Estimation of ATP usage from OCR data.

If, as in the β-cell, little lactate is produced (47), glucose-stimulated ATP production will be mostly generated by oxidative phosphorylation. Therefore, ATP production will be proportional to OCR (less the affect of mitochondrial uncoupling). Although, following glucose stimulation, there is a transient period when ATP production outpaces ATP usage, a steady state is soon reached where the two rates are equal. Under these conditions, the contribution of processes to ATP usage can be estimated by inhibiting that process and measuring the decrease in OCR (16,17). Thus, the calcium-mediated process and protein synthesis uses at least 30 and 24% of the total ATP generated in response to glucose, respectively. The actual contribution to ATP usage would be higher if there is significant mitochondrial uncoupling or if inhibiting ATP utilization by one process lead to an increase in ATP usage by another process (17). Since nimodipine increased protein synthesis, the latter may be occurring and 30% represents an underestimation.
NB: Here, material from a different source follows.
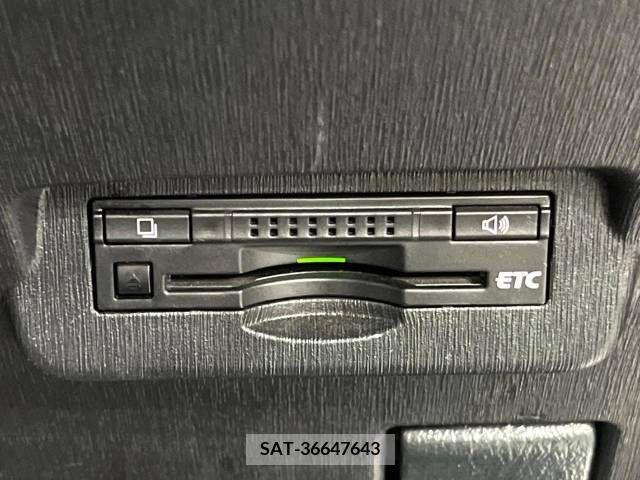 Toyota PRIUS ALPHA 2015-04 282449-5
The mechanism of calcium influx–dependent ATP usage.

Having ruled out exocytosis of insulin granules, other plasma membrane–associated candidates mediating calcium’s effects on OCR could involve ion pumping (including plasma membrane calcium ATPase and Na-Ca exchanger in conjunction with the Na-K ATPase). However, in experiments not presented, ouabain, a blocker of Na-K ATPase, had no effect on OCR, lessening the likelihood that the Na-Ca exchanger is mediating significant changes in ATP usage. Another possible mechanism mediating calcium-dependent OCR is an effect of calcium on biosynthesis, most importantly protein synthesis. However, we found that nimodipine did not inhibit protein synthesis, which is consistent with studies where it has been observed that calcium has little effect on insulin biosynthesis rates (48). An intriguing possibility that phospholipase C activation could be involved will be considered in future studies, based on data showing that blocking calcium influx also blocks phospholipase C activation by glucose (49).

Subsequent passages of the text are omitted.